CASE STUDY
Projekt Vita
A UX research project about trust, communication, and early collaboration around nonprofit partnerships.
Overview
Role
UX Research
Timeline
12 Weeks
Research
Surveys + Interviews
Team
4 UX Designers
Projekt Vita is a nonprofit organization working with long-term, locally rooted development projects through knowledge sharing and collaboration. This project explored how companies understood that work, and what made a partnership feel credible enough to take further.
My role was to investigate that relationship and translate the research into a clearer direction. The work looked at where trust broke down, what both sides needed to understand earlier, and why that mattered for companies deciding whether a partnership felt credible enough to explore further. The project was done in school as part of Year 1 at Nackademin.
Problem / Context
Context
Companies and nonprofit organizations both rely on trust when starting a partnership, but they often come in with different expectations, needs, and ways of communicating. For companies, the question is often whether the collaboration feels credible and relevant. For nonprofits, it is about being understood, supported, and taken seriously.
Problem
- Companies struggled to understand what nonprofit organizations actually needed from a partnership.
- Nonprofits found it hard to communicate their value in a way that felt clear and credible.
- Different expectations made early conversations uncertain and difficult to align.
- Missing trust early in the process made collaboration feel harder to commit to.

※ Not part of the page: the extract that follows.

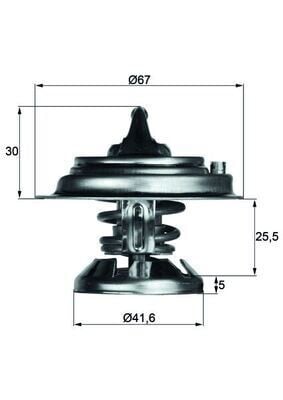 MAHLE TX29.75D TERMOSTAT 75 C MERCEDES OM601 OM602 OM603 W124 W202 W210 W461 - Görsel 1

Field research showed that trust often broke down early when expectations, needs, and value were not clearly understood. The concept responded by making the first steps of a partnership easier to follow and easier to explain from both sides.

Approach
Clear intent was often missing
Companies wanted to help, but often struggled to understand what the nonprofit actually needed from the partnership.
Trust depended on how value was explained
Nonprofits had to make their work feel credible and concrete before companies felt confident moving forward.
Early conversations were hard to align
Both sides entered the relationship with different expectations, which made it harder to build momentum from the start.
Support often started with products, not money
For many companies, the first step felt easier when they could contribute something tangible, often their own products, before committing financially.

Outcome
The project showed what helped trust form early in partnerships between companies and nonprofit organizations. It made it easier to see where uncertainty started, what both sides needed to understand sooner, and how credibility affected the willingness to move forward.
- Trust was shaped as much by communication as by intention.
- Early clarity around needs and expectations made conversations easier to align.
- Making value easier to explain gave both sides a stronger starting point.